At the beginning, the aim was to convert a metal complex SMILES directly to a mol object, nevertheless, these types of molecules does not always have SMILES.  
The next step was to recover the XYZ file on the <u>[tmqmg-l](https://github.com/hkneiding/tmQMg-L)</u> dataset and create bond for close atoms. But another probelm raised up: some hydrogen atoms was enough closed to the metal to be bond at it, consequently there were a lot of valence electron problems.  
Finally, the best approach was to use the Chem.CombineMol(mol1,mol2) function of RdKit to combine the ligand mol objects to the metal atoms throught the MolBlock file and create 3D coordinate with AllChem.EmbedMolecule(mol).

By using this method, the only requirements was to know the atoms that will bond with the metal. On the previous dataset, this information was also given but the index of the bonding atoms also counts the H-atoms that do not appear explicitly in the MolBlock. Therefore, the function simplify_idx was used to obtain the index of the atoms without counting the H-atoms.

Of course, a lot of minor issues raised up during all the coding part like understand how to make a manual bond between two atoms, how to extract the valued information of the given dataset.

### <u>Find the oxydation state</u>

The difficulty for this part was to find a usable database to have the possible oxidation states for metals. A github repository on the subject was found but the data was to hard to manipulate so a .csv file was created to meet the expectations.
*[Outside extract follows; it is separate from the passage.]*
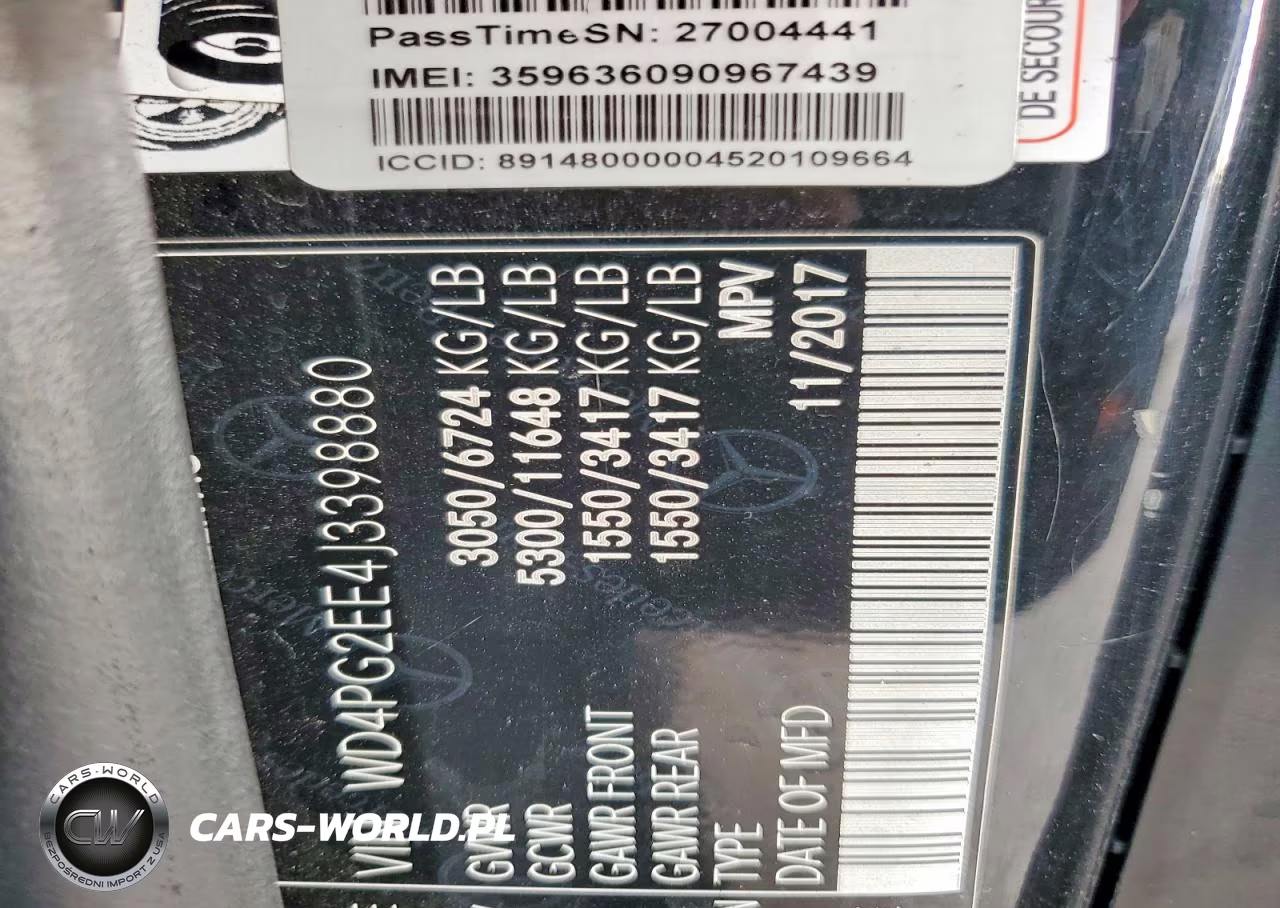 2018 Mercedes-Benz Metris VIN:WD4PG2EE4J3398880 - 14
This file is the file oxidation_states_métaux.csv

- ## **Conclusion**

This Python package simplifies the study of chemical complexes by providing tools for 3D visualization, molecular weight calculation, and oxidation state determination. The Tkinter interface allows users to input ligands and metals (as SMILES) and choose the desired output, enhancing usability.
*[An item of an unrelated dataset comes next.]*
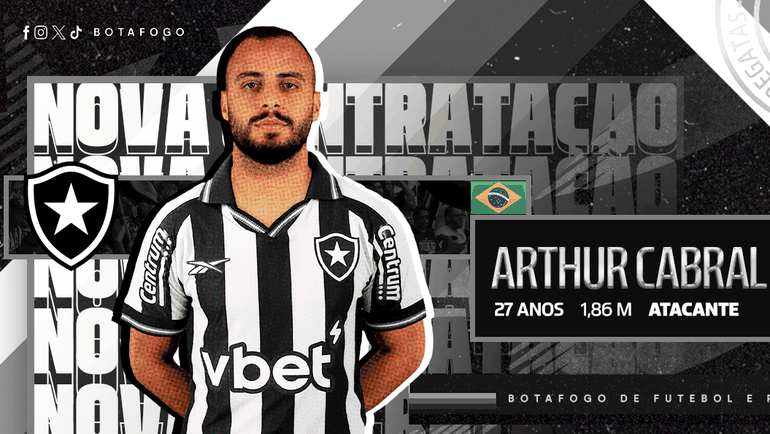 Mercado Benfica: Arthur Cabral oficializado no Botafogo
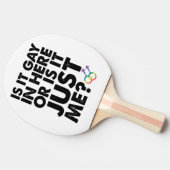 Ist es hier schwul oder ist es nur ich lesbisch st tischtennis schläger (Seitenansicht)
Despite challenges in modeling complex structures, the approach of transforming 2D planes into 3D models using RDKit functions proved effective. Limitations include the constraints of the database and the inability to create interactive 3D images directly in Tkinter, which are instead rendered in a Jupyter Notebook.

Overall, the project successfully aids in visualizing and analyzing chemical complexes. Future improvements could enhance model accuracy and expand the ligand database to reduce errors. This tool is valuable for chemists in both research and education.

- ## **Further developpement**

The future developments of this program would be to determine the number of valence electrons of the central metal in order to be able to predict which reactions are possible with the complex. By concentrating on the field of organometallic chemistry, it would be possible to determine which of the following reactions is possible or most likely : 

- Ligand association
- Ligand dissociation
- Oxydative addition
- Reductive elimination
- Migratory insertion
- β-H elimination

This would be useful in the study of certain reaction and catalytic properties of complexes and metals.  
Another possible developpement would be to show the 3D metal complex directly on the Tkinter interface or, if it is not possible with Tkinter, on another interface.